- Dr K Sivan said normal performance was observed up to altitude of 2.1 km
- ISRO chief first briefed PM Modi and then made the announcement
- Dr Sivan had earlier described the final stage as "15 minutes of terror"
1.55 am on Saturday came and went. Amid a stunned silence at the ISRO mission control room, India's top space scientist K Sivan first briefed Prime Minister Narendra Modi and then made the grim announcement. Communication to the Chandrayaan 2's lander Vikram was lost. At 3.10 am, an ISRO scientist - not the chief -- announced that a planned press conference had been called off.
"Vikram lander's descent was as planned and normal performance was observed up to an altitude of 2.1 km. Subsequently, the communication from the lander to ground station was lost. The data is being analysed," K Sivan declared at around 2.16 am to a room full of crestfallen scientists at the centre in Bengaluru.
Moments before, applause followed the various successful stages of the lander's descent, described by ISRO as "15 minutes of terror" before landing at moon's south pole. The graph showed a normal trajectory.
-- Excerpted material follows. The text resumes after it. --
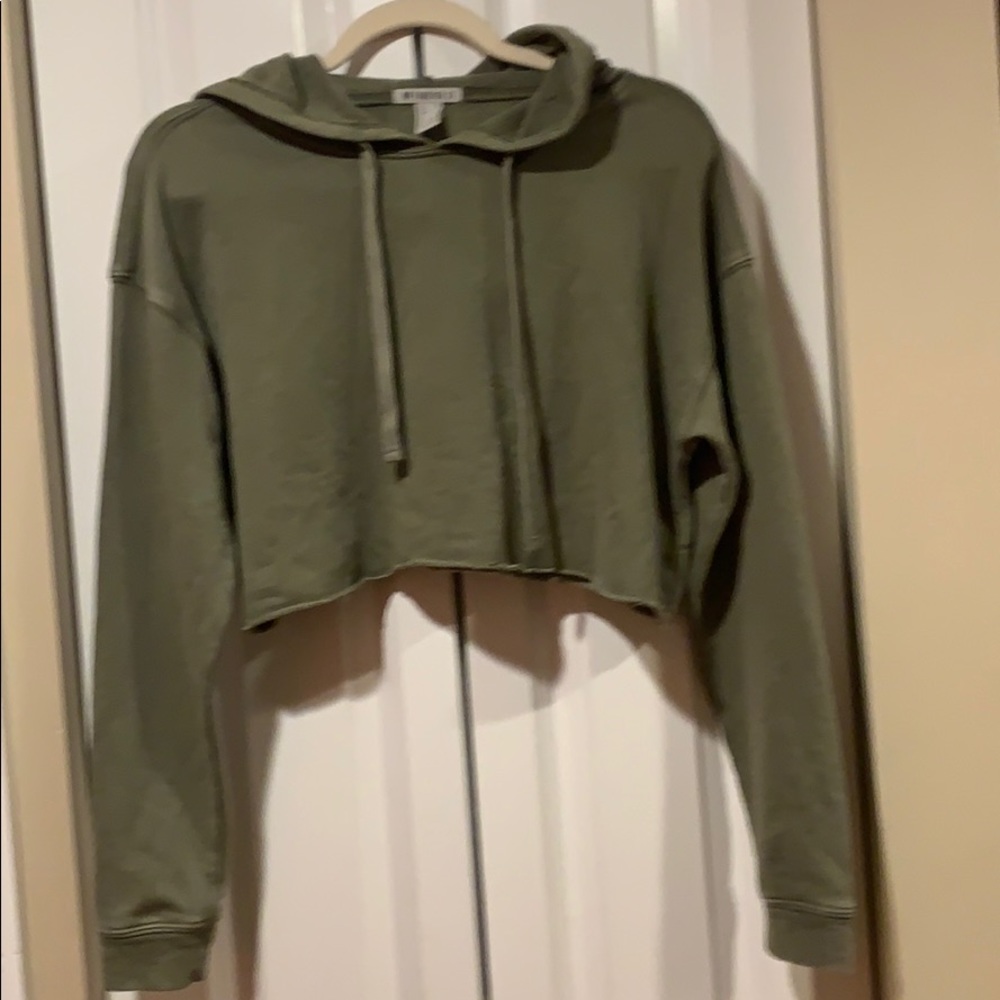 Cropped hoodie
In its last tweet at 1:49 am, ISRO said: "Rough breaking of #VikramLander ends and Fine braking phase starts. #Chandrayaan2 #ISRO."
As the nation waited for the big news, the tense faces in the control room were telling.
Then a group of scientists, including the ISRO chief, were seen walking to PM Modi, who stood up. The Prime Minister nodded and was seen leaving the spot from where he was watching the mission and walking down. The scientists appeared to be comforting Dr Sivan.
As PM Modi left, he patted the ISRO chief on his back and gave the scientists a pep-talk. "Don't lose hope. Be courageous. There are ups and downs in life. What you all have done is not a small thing. You have done a great service to the country, science and mankind. I am with you. I wish you all the best."
He later tweeted: "These are moments to be courageous, and courageous we will be!"